Pali, tragedia e ironia: quando il destino è scritto nel fuorigioco
Pali, tragedia e ironia: quando il destino è scritto nel fuorigioco
Milan-Inter vs. Al Ain-Al Rayyan, due battaglie, un’unica morale
Se il calcio fosse una sceneggiatura hollywoodiana, allora Milan-Inter e Al Ain-Al Rayyan sarebbero due versioni alternative dello stesso film, dirette però da registi con visioni diametralmente opposte. Da una parte, il Derby della Madonnina, teatro di una battaglia tattica con due gol annullati nel solo primo tempo, equilibrio precario e un primo tempo, appunto, in cui l’Inter attacca ma è il Milan a colpire. Dall’altra, un settimo turno di Champions League Asiatica che sembra un thriller calcistico in piena regola: l’Al Ain colpisce, segna, spreca, prende pali, domina… e perde.
In fondo, è la dura legge del gol, come cantava Max Pezzali: “Se non hai difesa, gli altri segnano e poi vincono”.
Primo tempo: dominio sterile e il fantasma del VAR
A San Siro, due gol annullati per fuorigioco danno l’illusione di una partita a senso unico sin dai primi minuti, almeno finché il Milan non decide che il tabellino dovrà raccontare un’altra storia. L’Inter costruisce, ma è il Milan a trovare il gol con Reijnders, punendo i nerazzurri per una difesa che lascia giusto la crepa che fa saltare il banco.
Nel caldo mediorientale, la sceneggiatura sembra la stessa: l’Al Ain vede due gol annullati e colpisce persino un palo. Sembrano segnali divini, una scrittura del destino che preannuncia l’inevitabile beffa.

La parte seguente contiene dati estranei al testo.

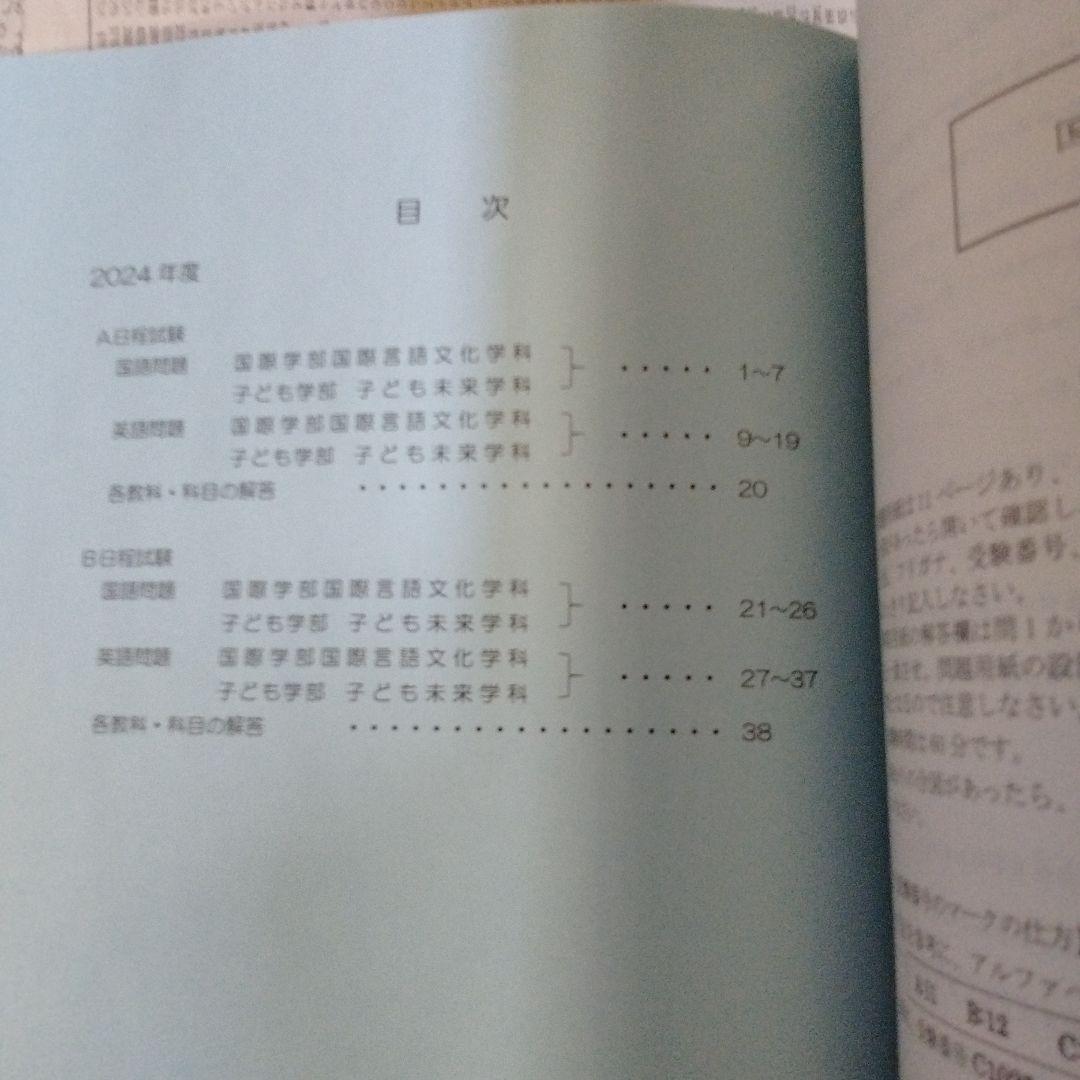梅光学院大学 2023年度・2024年度・2025年度 入試問題集（3冊セット）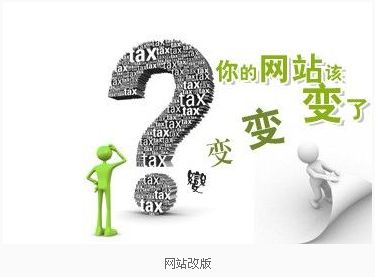 网站改版降权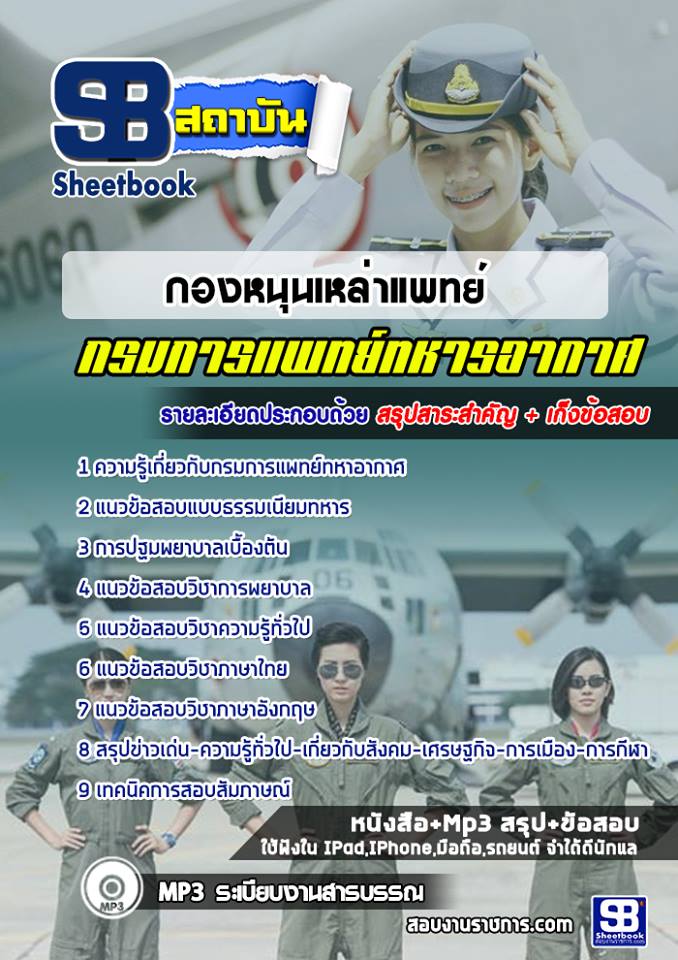 แนวข้อสอบกองหนุนเหล่าแพทย์ กรมการแพทย์ทหารอากาศ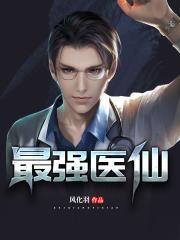 最强医仙混都市陈轩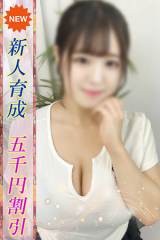くおん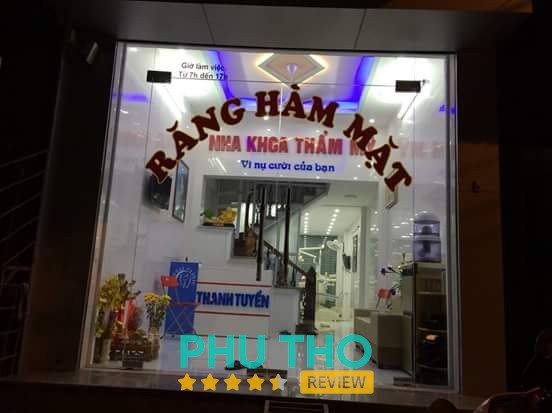 Nha Khoa Thanh Tuyền – hình ảnh 2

Nel derby di Milano il tabellino recitava 6 tiri a 6 appena nei primi 45 minuti, col possesso leggermente a favore dell’Inter (59% contro 41%), ma il Milan domina fisicamente: contrasti vinti al 75%, duelli aerei 71% a 29%.
Dall’altra parte del mondo, però, i numeri dell’Al Ain sono ancora più roboanti: 10 calci d’angolo a 6, 29 cross in area, 67% di duelli aerei vinti… ma il destino è già scritto.
Gol capolavoro e il fascino dell’illusione
Quando Rahimi, bomber delle ultime Olimpiadi, serve Kaku per un eurogol all’incrocio, la regia del film asiatico sembra cambiare tono. Un assist degno di Ronaldo per Benzema, una magia che merita di essere raccontata. Ma il calcio, si sa, è un gioco crudele: l’Al Ain si fa recuperare nel finale, cosa accaduta tra l’altro anche al Milan, che nel secondo tempo si fa trovare impreparato sull’1-1 dell’Inter con De Vrij su assist dell’ultimo acquisto, Zalewski.
Entrambe le squadre apparentemente in controllo hanno avuto tutto per vincere, ma chi non chiude le partite spesso ne paga il prezzo.
Possesso, statistiche e la solita morale
I numeri finali sono impietosi, o quantomeno tragicomici, per entrambe le squadre sconfitte.
L’Inter chiude il primo tempo con 286 passaggi riusciti contro i 199 del Milan, ma il possesso sterile non basta. L’Al Ain addirittura domina con 415 passaggi a 317, controlla la palla, detta il ritmo… eppure la sua avventura continentale sta rapidamente estinguendosi.
Due squadre con statistiche da vincitrici, ma con il risultato che racconta tutt’altra storia. Perché nel calcio conta chi segna e non chi gioca meglio.
Ancora una volta, è la dura legge del gol. E questa volta, nessuno può dire che non fosse scritta nel destino.